There have been lots of cases arising from Covid-19 and the problems that policyholders have suffered when claiming, or debating policy wording definitions. Here’s an update from CJC;
In the latest in a rash of instructions brought about by new COVID-19 port restrictions, CJC Claims Manager Alexandra Bailey and CJC Director Allen Marks explain a case concerning excessive waiting time at an Indian discharge port due to additional port measures put in place to prevent the spread of the novel coronavirus.
- This case ultimately turned on whether Charterers could bring the waiting time incurred by the vessel within the exceptions referred to in clause 9 of the amended Americanized Welsh Coal Charter form.
“In case of strikes, lockouts, civil commotions, or any other causes or accidents beyond the control of the consignee Charterers which prevent or delay the discharging, such time is not to count unless the vessel is already on demurrage.”
- Did they achieve this?
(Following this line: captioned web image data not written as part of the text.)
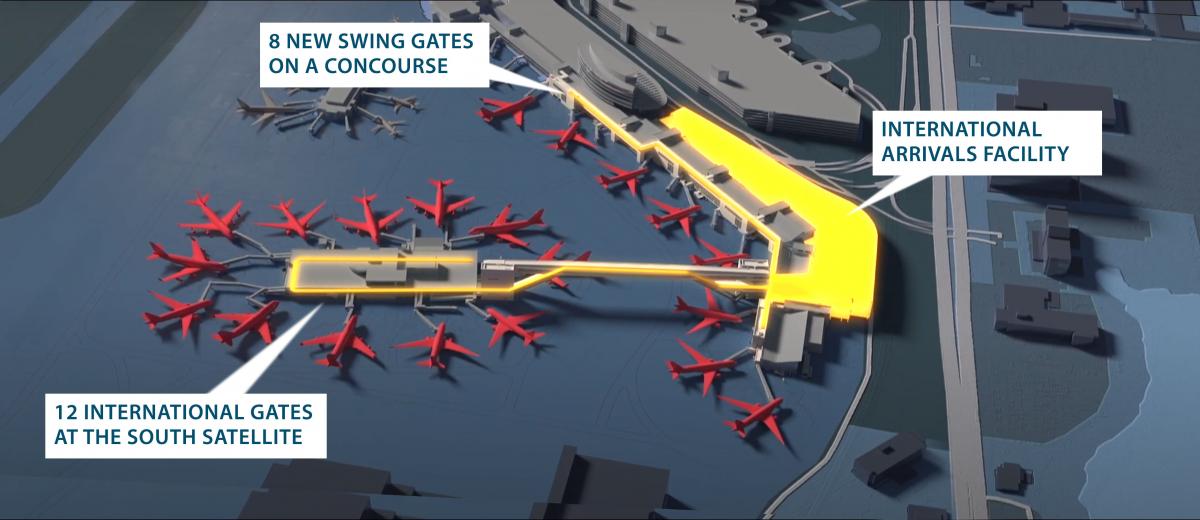 Visual of the 12 international gates at the South Satellite and 8 new swing gates on Concourse A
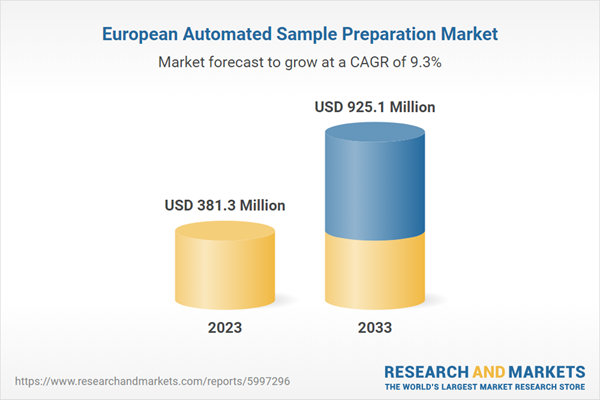 European Automated Sample Preparation Market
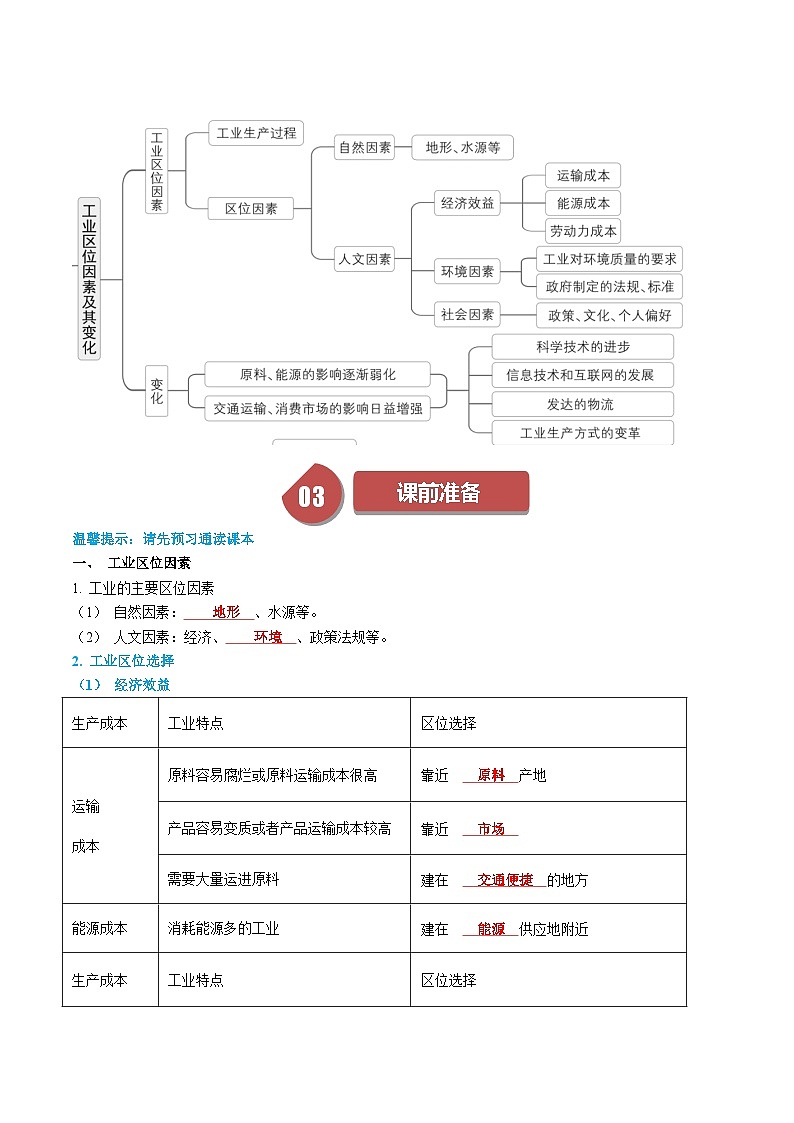 人教版高中地理必修第二册同步讲义3.2 工业区位因素及其变化（学案）（解析版）第2页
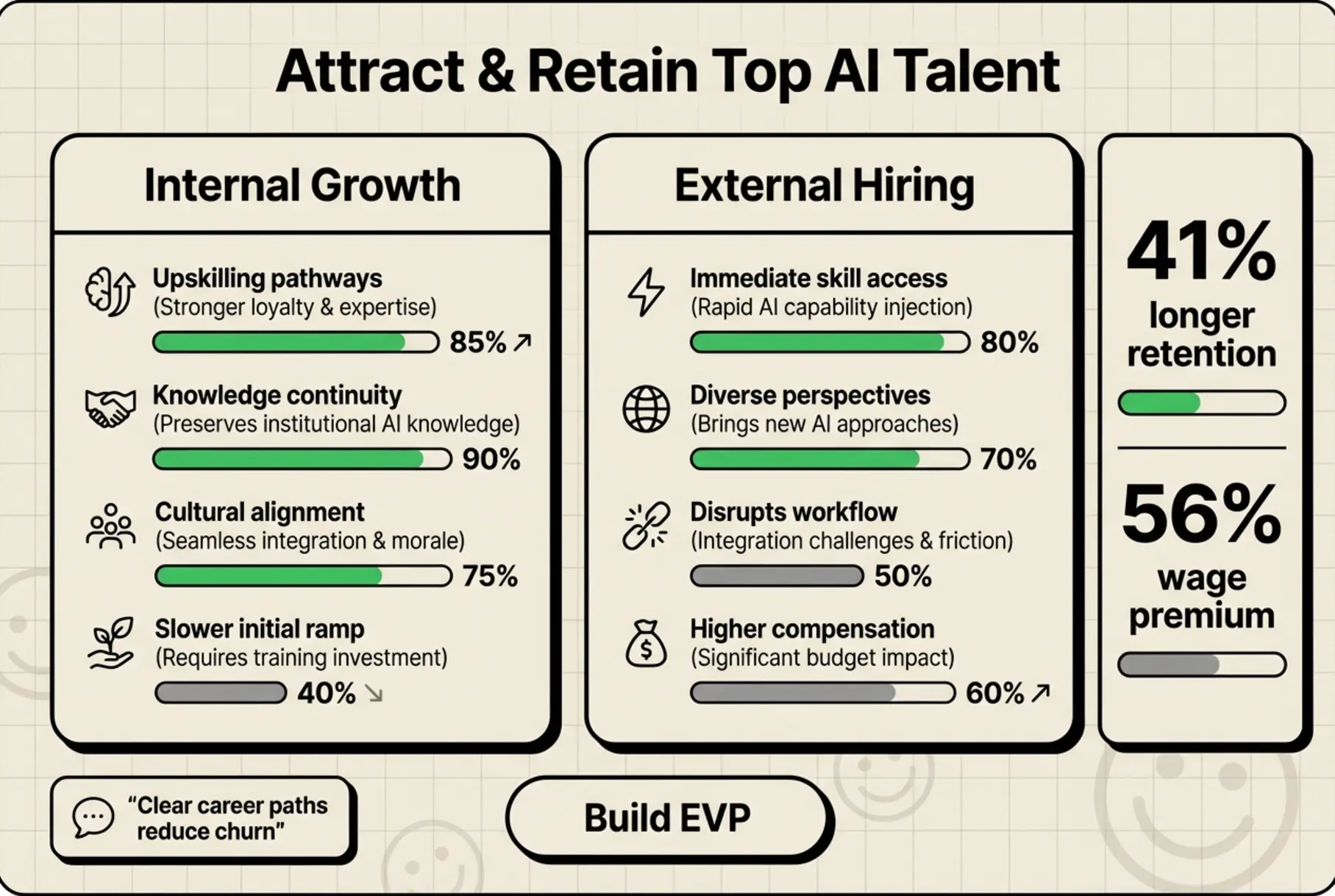 Weigh internal mobility against external recruitment—see retention, compensation, and cultural benefits side-by-side to inform hiring strategy.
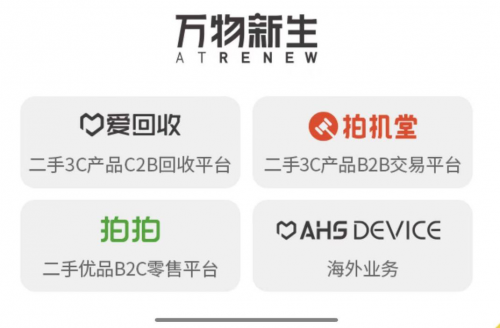 萬物新生（愛回收）IPO招股書，五大誤區(qū)深度解讀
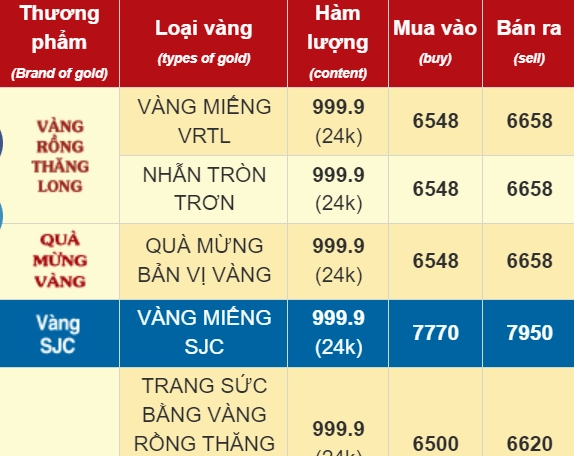 Giá Nhẫn Vàng 9999 Mới Nhất 2026: Cập Nhật & Phân Tích Biểu đồ biến động giá vàng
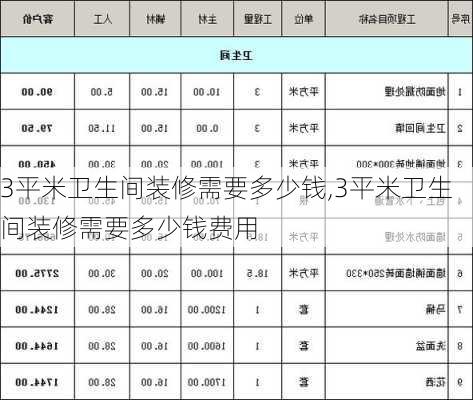 3平米卫生间装修需要多少钱,3平米卫生间装修需要多少钱费用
Charterers defended this claim on the basis that the COVID-19 restrictions fell within the catch-all wording of the clause, “or any other causes or accidents beyond the control of the consignee Charterers which prevent or delay the discharging”.
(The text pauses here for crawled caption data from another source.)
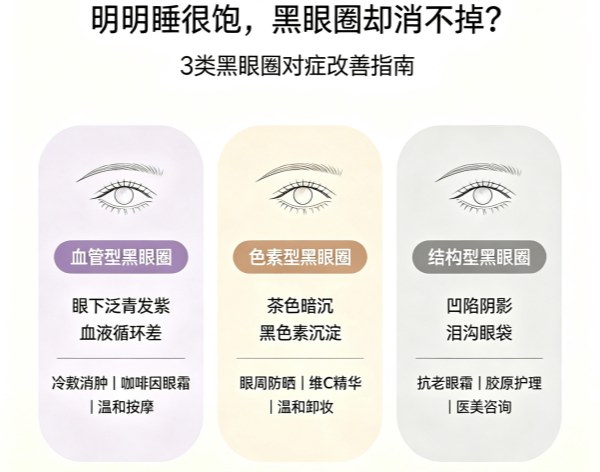 Dark Circles Not Fading Despite Good Sleep? Korean Dermatology’s 3‑Type Classification & Targeted Solutions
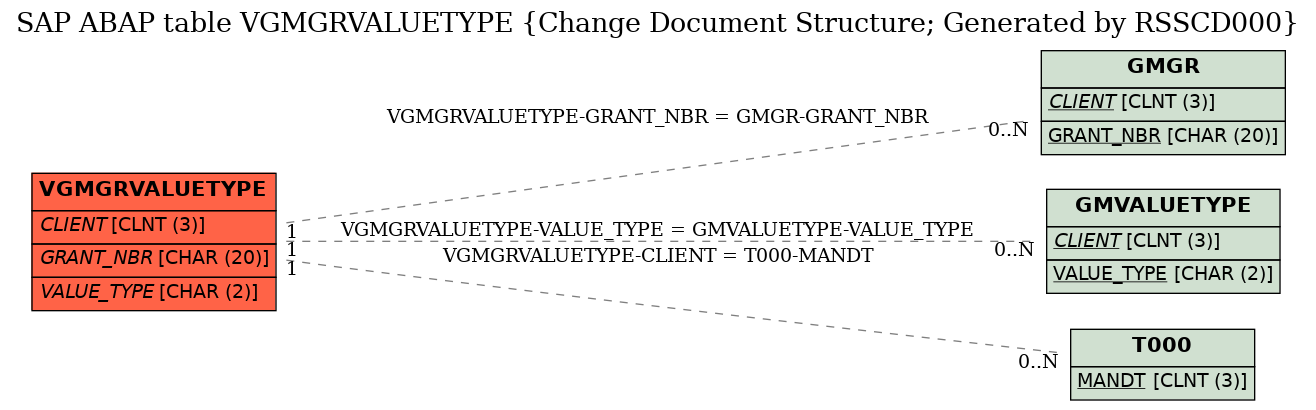 E-R Diagram for table VGMGRVALUETYPE (Change Document Structure; Generated by RSSCD000)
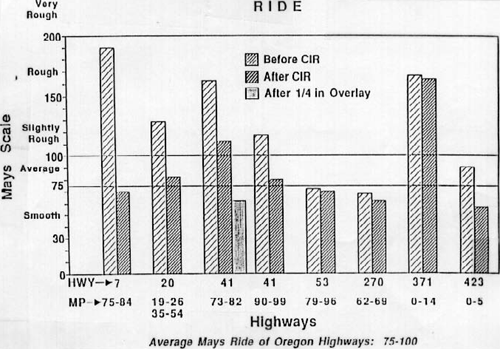 Figure 2-9. Pre- and post-construction ride data from 1986 Oregon project.(21)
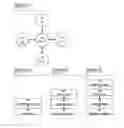 Fig. 12 - System, method, and apparatus for the electronic operation, management, sponsorship, advertising, promotion, marketing, and regulation of games of chance on a network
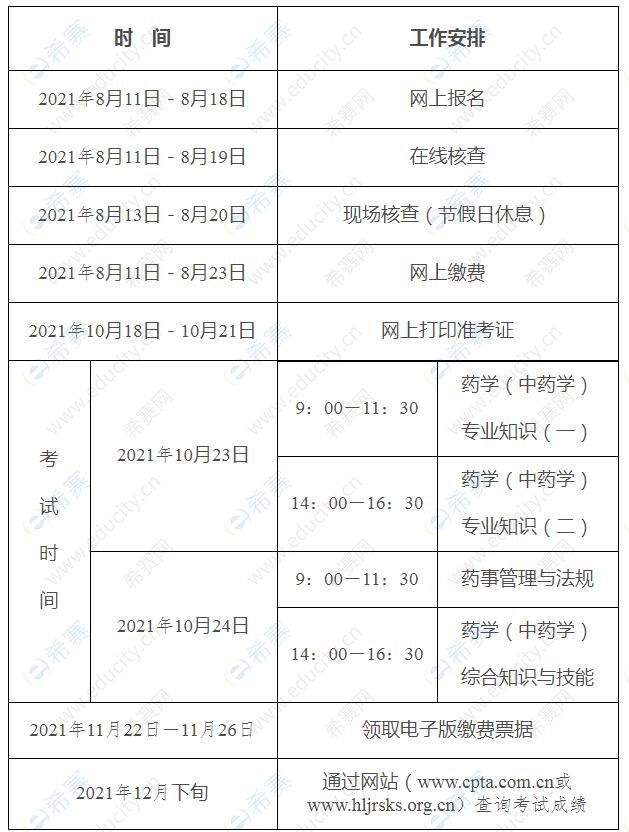 药师报名年限_2020年药师报名时间和条件_2024年职业药师报名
- However, where there is a catch-all aspect to this type of clause as there was in this case, CJC [acting for the Owners] took the position that the ejusdem generis rule would apply:
The ejusdem generis rule
The general words are limited in meaning to the preceding specific words
i.e. that the general exceptions are limited in meaning to the same/similar exceptions in the list of preceding specific exceptions.
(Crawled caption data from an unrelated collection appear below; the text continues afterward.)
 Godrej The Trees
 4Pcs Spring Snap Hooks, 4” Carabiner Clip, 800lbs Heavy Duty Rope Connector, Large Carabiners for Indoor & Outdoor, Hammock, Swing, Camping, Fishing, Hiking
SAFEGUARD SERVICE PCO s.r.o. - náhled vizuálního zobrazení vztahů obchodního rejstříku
- The COVID-19 restrictions at the discharge port were neither strikes, nor lockouts nor civil commotions as specifically referred to in Clause 9. Charterers initially rejected Owners’ position on the basis that in this case, since there was no common thread in the named exceptions, the ejusdem generis rule does not apply. However, CJC drew their attention to recent applications of the ejusdem generis rule where it was stated that when there are several types of preceding exception then only exceptions of any of those types are excluded. Further, that Charterers could not rely on any wider application of clause 9 because this would only be a potential defence when the words “whatsoever” or “howsoever” have been added to the catch-all aspect of the clause.
- Owners’ case was also compounded by the fact that a lengthy load call meant that the vessel was already into demurrage by the time it began to wait at the discharge port. Interestingly the fixture recap contained the specific words “once in demurrage always in demurrage”. While this phrase is an oft repeated mantra, its position in the fixture recap meant that it in this case it had become a contractual clause, also qualified with exceptions, and consequently should be given the true meaning of its words. Accordingly, the waiting time at the Indian discharge port counted in full.
- We were also able to bring extra leverage against the Charterers in this case due to their failure to mitigate the parties’ losses by sending the Vessel to this particular discharge port. This was in circumstances where they had the option both in the Charterparty and on the bills of lading to send the vessel to another discharge port.
This case was finally settled by CJC in favour of Owners, avoiding litigation and the subsequent time and costs that would have resulted.